The Writing Process June 1st, 2015 posted by Val Katagiri

Best-selling author, Jamie Ford, wrote the acclaimed novel, Hotel on the Corner of Bitter and Sweet, that examined the effects of World War II’s Japanese Incarceration upon people’s lives. His book opens with the incredible discovery of the belongings of Japanese families that were left behind when they were rounded up and imprisoned. I asked Jamie to describe how he turned an important event in our history into a compelling story that appealed to all. Thank you, Jamie, for sharing your writing process with us.

Written by Jamie Ford, Special Contributing Author

Hmmm…this post is supposed to be about process so let me begin with my most essential morning ablution: a cup of coffee. Like most addicts, I’m not a snob about my drug of choice. (Today I’m drinking leftover hazelnut Christmas coffee with a splash of chocolate milk).

Also, let me note that I’m wearing Batman pajamas. Not particularly germane to this whole process thing, but comfort is key, I suppose, and one of the benefits of being a full-time writer is being a part-time fashion criminal.

I once heard that my favorite wordsmith, the great Harlan Ellison, used to occasionally write in the nude.
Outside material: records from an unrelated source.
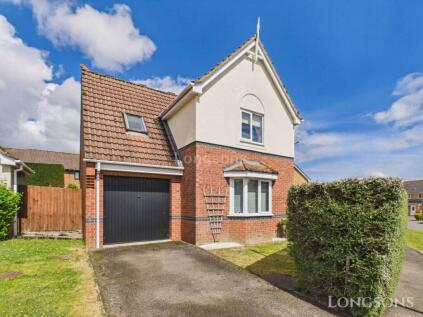 Heathlands, Swaffham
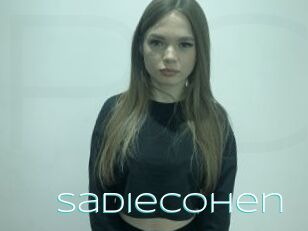 SadieCohen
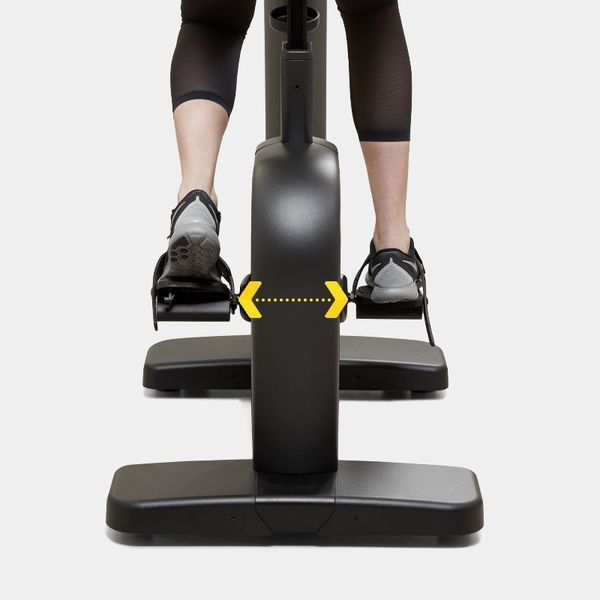 Велотренажер Technogym Cycle Cycle фото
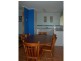 Unit 2/15 Rumbalara Avenue, Rainbow Beach QLD 4581
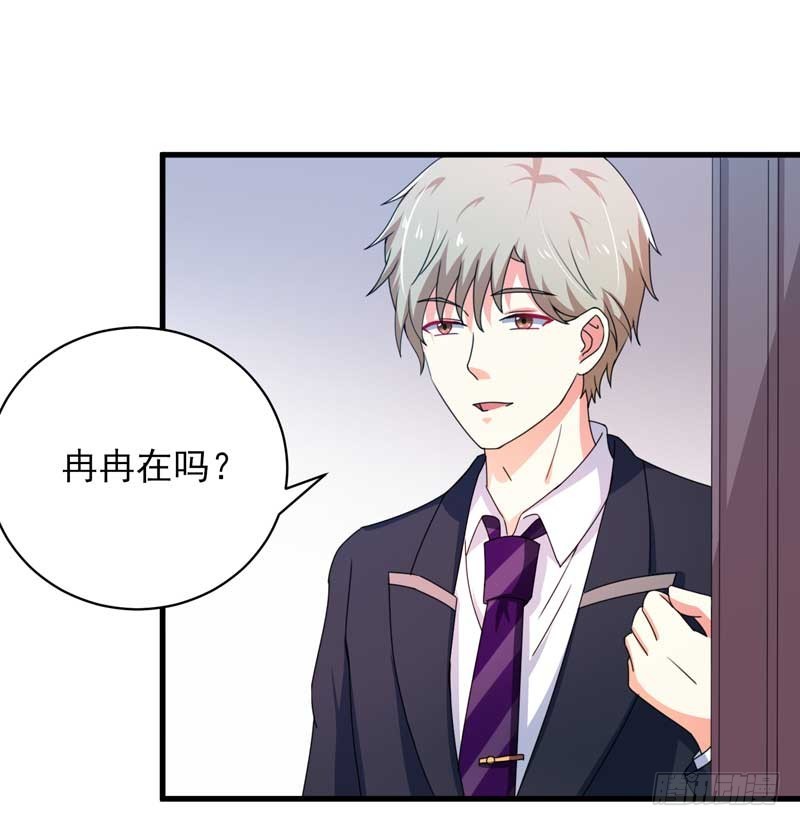 030.我手上有视频证明！3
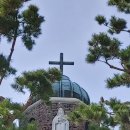 저전동 성당 이미지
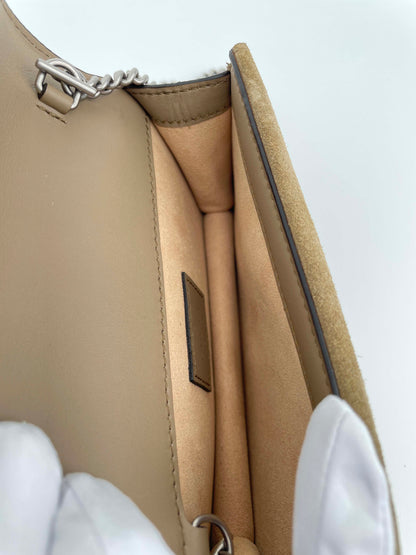 Dionysus Mini - GG Supreme-Canvas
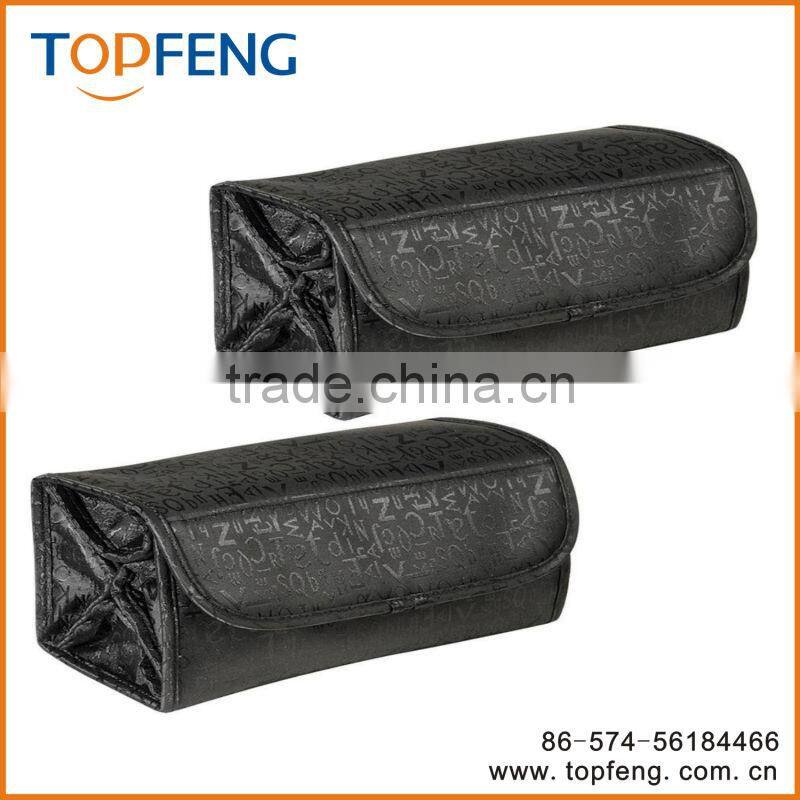 Wash bag as seen on tv/Travel cosmetic bag /Cosmetic Cases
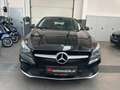 Mercedes-Benz CLA 180 180 d Shooting Brake Aut. Schwarz - thumbnail 2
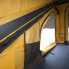 Фото #12 товара Offlander Kara Kum S roof tent OFF_RTT_KARAKUM_S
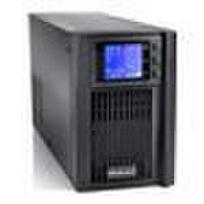QOLTEC UPS 1kVA 800W AVR LCD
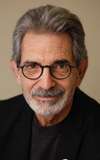 Michael L. Fink
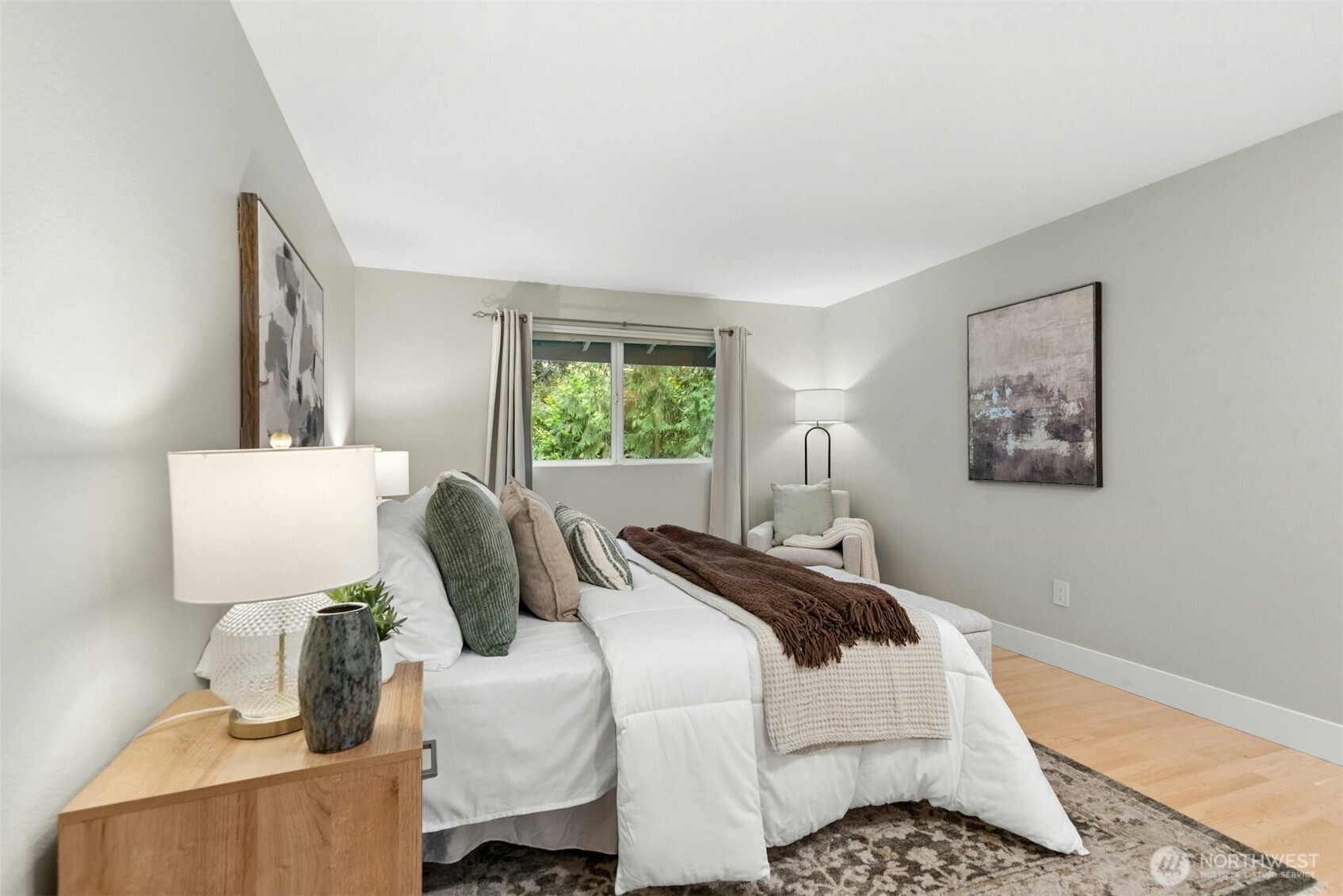 14918 29th Drive SE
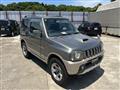 2004 Suzuki Jimny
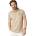 DEELUXE Бански гащета Deeluxe Eliott swimming shorts - Beige (Dune)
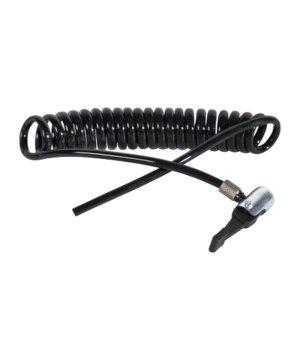 select-ersatzschlauch-kompressor-mini-schwarz-f003-78910-equipment_front.png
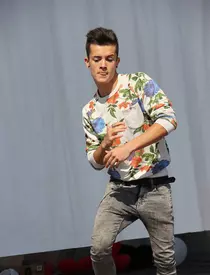 Zannidache-Survivor-1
I guess my writer’s block has never been that severe.

Okay, enough warming up at the keyboard. Let’s talk process.

*Cracks knuckles*

Process-wise, it seems as though some authors meticulously outline everything, while others just write extemporaneously—they basically go commando.

I tend to do a little bit of both.

I do start with a few notes that are probably the least amount of words on a page that could possibly be mistaken for an outline–really nothing more than a beginning and an ending, with maybe a few scene ideas in the middle.

But that ending is über important.

And by ending, I mean a real, unambiguous, non-metaphorical ending. I look at storytelling as either banking or spending emotional currency with the reader. Good or bad, happy or sad, the ending is where those emotional debts are paid—if that makes sense? Plus, if I have a clear ending in mind, then the more nails I lay in the path of my characters, the more motivated I am as a writer to help them overcome them.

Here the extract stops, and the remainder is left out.